What the task asks:
In the listing that follows, the range to quote begins at the line that has "TREETONE Bathroom Rugs" and ends after the line that has "Leopard Print Georgette Tea Dress"; quote it verbatim and add nothing.

Given data:

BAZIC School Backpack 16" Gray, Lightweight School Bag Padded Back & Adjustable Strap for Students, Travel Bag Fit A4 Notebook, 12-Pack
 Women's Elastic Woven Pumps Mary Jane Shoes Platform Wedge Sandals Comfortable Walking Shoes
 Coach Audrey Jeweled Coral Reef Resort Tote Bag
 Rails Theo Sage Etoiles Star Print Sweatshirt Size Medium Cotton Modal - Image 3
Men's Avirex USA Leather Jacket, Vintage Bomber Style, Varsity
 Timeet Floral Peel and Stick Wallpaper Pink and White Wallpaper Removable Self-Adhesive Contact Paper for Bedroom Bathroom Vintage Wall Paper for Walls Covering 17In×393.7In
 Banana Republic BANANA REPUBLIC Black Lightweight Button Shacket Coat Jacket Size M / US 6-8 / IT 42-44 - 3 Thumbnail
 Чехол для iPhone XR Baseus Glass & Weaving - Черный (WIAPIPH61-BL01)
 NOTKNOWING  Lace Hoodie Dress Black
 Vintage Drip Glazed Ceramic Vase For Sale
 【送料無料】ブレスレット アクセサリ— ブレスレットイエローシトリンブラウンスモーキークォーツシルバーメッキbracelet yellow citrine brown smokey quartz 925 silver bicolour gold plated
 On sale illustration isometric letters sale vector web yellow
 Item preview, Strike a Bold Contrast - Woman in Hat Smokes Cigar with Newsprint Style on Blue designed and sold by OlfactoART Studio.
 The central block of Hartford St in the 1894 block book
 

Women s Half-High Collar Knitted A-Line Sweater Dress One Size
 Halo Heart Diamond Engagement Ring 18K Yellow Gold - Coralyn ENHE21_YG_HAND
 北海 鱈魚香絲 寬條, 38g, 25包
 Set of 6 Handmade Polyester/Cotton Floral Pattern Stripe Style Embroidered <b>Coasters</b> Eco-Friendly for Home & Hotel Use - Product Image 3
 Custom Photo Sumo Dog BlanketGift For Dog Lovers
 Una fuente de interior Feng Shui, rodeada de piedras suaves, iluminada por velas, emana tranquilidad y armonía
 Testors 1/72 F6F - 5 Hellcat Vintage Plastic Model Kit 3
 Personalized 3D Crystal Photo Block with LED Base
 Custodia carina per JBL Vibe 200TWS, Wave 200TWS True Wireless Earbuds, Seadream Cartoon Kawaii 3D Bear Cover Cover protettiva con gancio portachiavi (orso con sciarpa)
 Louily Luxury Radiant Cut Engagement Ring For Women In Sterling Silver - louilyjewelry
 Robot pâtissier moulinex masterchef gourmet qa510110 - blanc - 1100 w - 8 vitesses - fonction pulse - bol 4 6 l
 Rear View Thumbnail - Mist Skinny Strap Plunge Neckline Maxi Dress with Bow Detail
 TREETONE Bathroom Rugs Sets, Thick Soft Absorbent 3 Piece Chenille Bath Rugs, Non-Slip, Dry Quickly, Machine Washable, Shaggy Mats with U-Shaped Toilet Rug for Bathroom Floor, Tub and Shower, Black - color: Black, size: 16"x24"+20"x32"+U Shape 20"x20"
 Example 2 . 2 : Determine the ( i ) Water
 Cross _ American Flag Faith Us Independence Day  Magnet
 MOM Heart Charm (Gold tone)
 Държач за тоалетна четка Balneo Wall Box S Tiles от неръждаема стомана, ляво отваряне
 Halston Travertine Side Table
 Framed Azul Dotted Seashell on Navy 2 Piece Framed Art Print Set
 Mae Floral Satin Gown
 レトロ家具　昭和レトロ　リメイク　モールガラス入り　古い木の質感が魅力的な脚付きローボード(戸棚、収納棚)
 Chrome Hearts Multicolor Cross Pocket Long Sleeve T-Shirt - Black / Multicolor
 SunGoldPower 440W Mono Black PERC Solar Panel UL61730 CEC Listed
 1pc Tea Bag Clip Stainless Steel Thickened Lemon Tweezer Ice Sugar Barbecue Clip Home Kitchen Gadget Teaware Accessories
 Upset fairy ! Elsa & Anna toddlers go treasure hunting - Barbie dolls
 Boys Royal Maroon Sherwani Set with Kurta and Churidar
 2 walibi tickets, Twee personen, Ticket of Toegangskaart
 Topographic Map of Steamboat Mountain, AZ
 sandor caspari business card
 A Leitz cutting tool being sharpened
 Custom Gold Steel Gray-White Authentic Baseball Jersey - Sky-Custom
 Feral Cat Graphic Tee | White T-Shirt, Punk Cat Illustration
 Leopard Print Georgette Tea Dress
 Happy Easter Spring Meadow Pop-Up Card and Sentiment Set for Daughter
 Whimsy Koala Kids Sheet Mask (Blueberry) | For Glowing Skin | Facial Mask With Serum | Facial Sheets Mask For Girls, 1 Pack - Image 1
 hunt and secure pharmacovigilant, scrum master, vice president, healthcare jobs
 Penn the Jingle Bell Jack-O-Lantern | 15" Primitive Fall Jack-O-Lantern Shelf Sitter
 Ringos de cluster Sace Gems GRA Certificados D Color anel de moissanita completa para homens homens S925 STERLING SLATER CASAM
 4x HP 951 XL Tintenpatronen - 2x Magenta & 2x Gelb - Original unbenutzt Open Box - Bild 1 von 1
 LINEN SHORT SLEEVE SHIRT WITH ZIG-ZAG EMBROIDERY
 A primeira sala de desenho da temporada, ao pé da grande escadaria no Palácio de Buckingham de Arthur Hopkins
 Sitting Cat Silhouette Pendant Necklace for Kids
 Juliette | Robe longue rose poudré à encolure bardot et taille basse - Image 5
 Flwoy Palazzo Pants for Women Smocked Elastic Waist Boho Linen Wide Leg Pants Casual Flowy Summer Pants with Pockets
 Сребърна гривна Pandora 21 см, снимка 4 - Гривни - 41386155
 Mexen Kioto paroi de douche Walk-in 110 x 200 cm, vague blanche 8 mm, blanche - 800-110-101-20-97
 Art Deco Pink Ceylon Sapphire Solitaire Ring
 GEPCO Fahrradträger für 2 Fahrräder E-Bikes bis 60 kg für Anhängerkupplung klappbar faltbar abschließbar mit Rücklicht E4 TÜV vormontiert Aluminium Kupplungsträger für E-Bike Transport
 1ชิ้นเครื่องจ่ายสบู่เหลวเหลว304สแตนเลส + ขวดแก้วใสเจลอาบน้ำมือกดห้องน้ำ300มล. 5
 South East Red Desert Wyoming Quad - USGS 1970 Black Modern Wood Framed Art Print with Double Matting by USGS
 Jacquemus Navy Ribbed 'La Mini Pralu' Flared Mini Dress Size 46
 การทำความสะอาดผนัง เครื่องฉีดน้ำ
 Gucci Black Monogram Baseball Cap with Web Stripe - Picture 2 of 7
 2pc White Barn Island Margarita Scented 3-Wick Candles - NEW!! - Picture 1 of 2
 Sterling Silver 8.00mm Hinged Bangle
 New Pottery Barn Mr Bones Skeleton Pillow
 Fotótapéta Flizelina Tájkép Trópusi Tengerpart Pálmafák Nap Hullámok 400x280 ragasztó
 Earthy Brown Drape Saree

Exercise response:
 TREETONE Bathroom Rugs Sets, Thick Soft Absorbent 3 Piece Chenille Bath Rugs, Non-Slip, Dry Quickly, Machine Washable, Shaggy Mats with U-Shaped Toilet Rug for Bathroom Floor, Tub and Shower, Black - color: Black, size: 16"x24"+20"x32"+U Shape 20"x20"
 Example 2 . 2 : Determine the ( i ) Water
 Cross _ American Flag Faith Us Independence Day  Magnet
 MOM Heart Charm (Gold tone)
 Държач за тоалетна четка Balneo Wall Box S Tiles от неръждаема стомана, ляво отваряне
 Halston Travertine Side Table
 Framed Azul Dotted Seashell on Navy 2 Piece Framed Art Print Set
 Mae Floral Satin Gown
 レトロ家具　昭和レトロ　リメイク　モールガラス入り　古い木の質感が魅力的な脚付きローボード(戸棚、収納棚)
 Chrome Hearts Multicolor Cross Pocket Long Sleeve T-Shirt - Black / Multicolor
 SunGoldPower 440W Mono Black PERC Solar Panel UL61730 CEC Listed
 1pc Tea Bag Clip Stainless Steel Thickened Lemon Tweezer Ice Sugar Barbecue Clip Home Kitchen Gadget Teaware Accessories
 Upset fairy ! Elsa & Anna toddlers go treasure hunting - Barbie dolls
 Boys Royal Maroon Sherwani Set with Kurta and Churidar
 2 walibi tickets, Twee personen, Ticket of Toegangskaart
 Topographic Map of Steamboat Mountain, AZ
 sandor caspari business card
 A Leitz cutting tool being sharpened
 Custom Gold Steel Gray-White Authentic Baseball Jersey - Sky-Custom
 Feral Cat Graphic Tee | White T-Shirt, Punk Cat Illustration
 Leopard Print Georgette Tea Dress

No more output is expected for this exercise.